=== Supplied records ===

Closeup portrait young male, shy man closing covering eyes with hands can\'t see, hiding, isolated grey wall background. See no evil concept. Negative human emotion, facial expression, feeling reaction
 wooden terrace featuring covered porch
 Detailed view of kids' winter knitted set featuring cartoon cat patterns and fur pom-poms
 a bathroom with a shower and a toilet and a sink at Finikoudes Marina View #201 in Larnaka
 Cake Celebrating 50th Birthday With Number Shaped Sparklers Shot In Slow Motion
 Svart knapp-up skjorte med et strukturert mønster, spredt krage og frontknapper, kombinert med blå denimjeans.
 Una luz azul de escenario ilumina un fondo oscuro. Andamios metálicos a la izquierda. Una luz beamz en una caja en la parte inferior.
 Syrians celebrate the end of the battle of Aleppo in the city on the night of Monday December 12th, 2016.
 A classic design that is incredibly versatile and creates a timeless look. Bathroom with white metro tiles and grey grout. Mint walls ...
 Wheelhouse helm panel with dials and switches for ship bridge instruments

===

- **About this task**
What you return should be the lines from the beginning of the records through the one that contains "a bathroom with", repeated exactly and with no additions.

- **Exercise result**
Closeup portrait young male, shy man closing covering eyes with hands can\'t see, hiding, isolated grey wall background. See no evil concept. Negative human emotion, facial expression, feeling reaction
 wooden terrace featuring covered porch
 Detailed view of kids' winter knitted set featuring cartoon cat patterns and fur pom-poms
 a bathroom with a shower and a toilet and a sink at Finikoudes Marina View #201 in Larnaka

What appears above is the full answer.